Exercise goal:
What you return must be the data below, word for word, without any images.
* * *
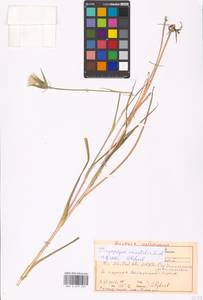 Tragopogon orientalis L., Eastern Europe, Moscow region (E4a) (Russia)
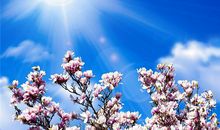 1952年的生肖何时好运(图文)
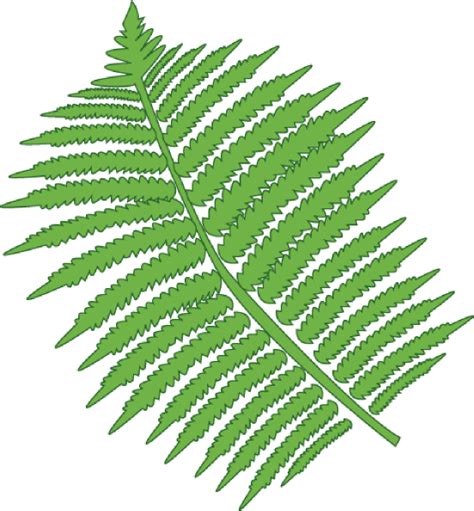 Fern Clip Art At Vector Clip Art Online Royalty Free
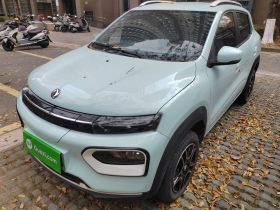 东风纳米EX1 2022款 PRO 悦骋型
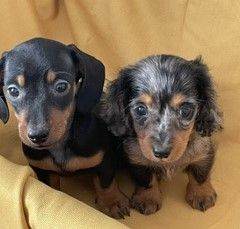 Miniature Dachshund Puppies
* * *
Your solution:
 Tragopogon orientalis L., Eastern Europe, Moscow region (E4a) (Russia)
 1952年的生肖何时好运(图文)
 Fern Clip Art At Vector Clip Art Online Royalty Free
 东风纳米EX1 2022款 PRO 悦骋型
 Miniature Dachshund Puppies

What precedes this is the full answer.